## Work request
Print the data below again in full, exactly as it stands, with no images.

## Data section
══════

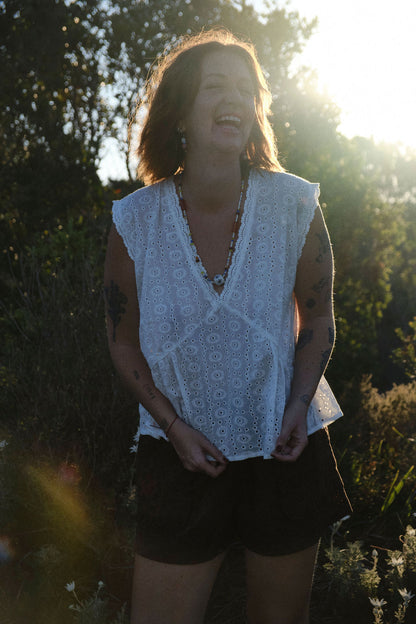 Pansy Peplum Top - White Broderie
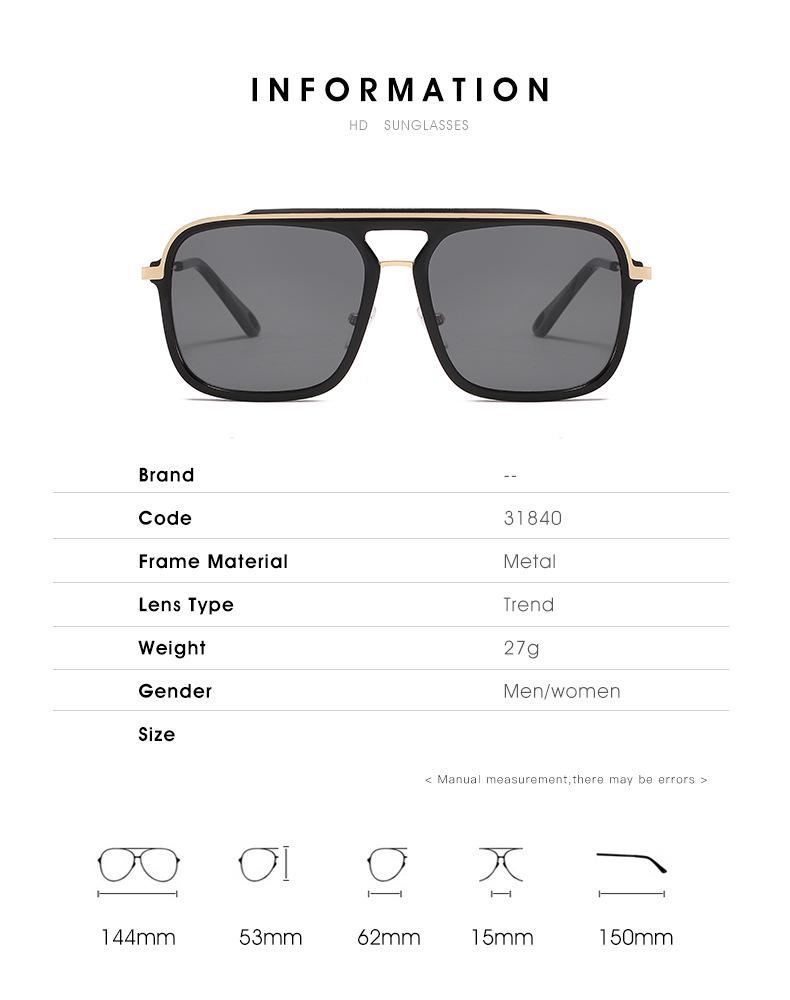 3184 Große quadratische Metallrahmen-Sonnenbrille mit Doppelsteg, UV-Schutz, Braun, Europäischer Stil für Damen und Herren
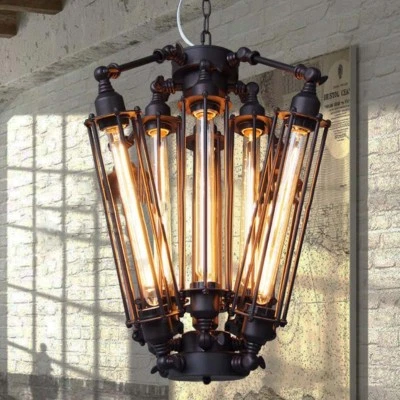 Vintage Matte Black Chandelier Edison Bulb Steampunk Pendant Hanging Lamp  - Image 1 of 4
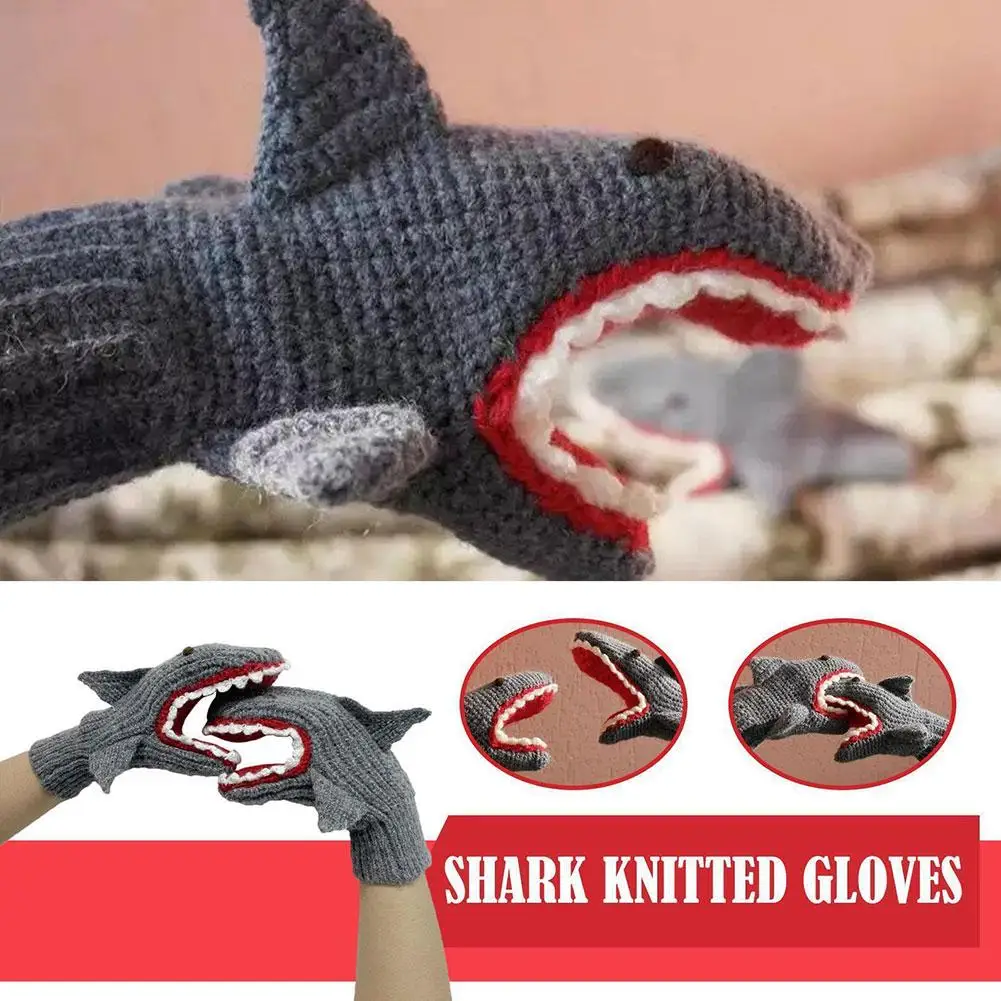 

Winter Cartoon Shark Biting Hand Gloves Warm Crochet Knitted Full/Half Finger Shark Mittens Fingerless Gloves For Christmas P1N5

══════

## Written response
 Pansy Peplum Top - White Broderie
 3184 Große quadratische Metallrahmen-Sonnenbrille mit Doppelsteg, UV-Schutz, Braun, Europäischer Stil für Damen und Herren
 Vintage Matte Black Chandelier Edison Bulb Steampunk Pendant Hanging Lamp  - Image 1 of 4

Winter Cartoon Shark Biting Hand Gloves Warm Crochet Knitted Full/Half Finger Shark Mittens Fingerless Gloves For Christmas P1N5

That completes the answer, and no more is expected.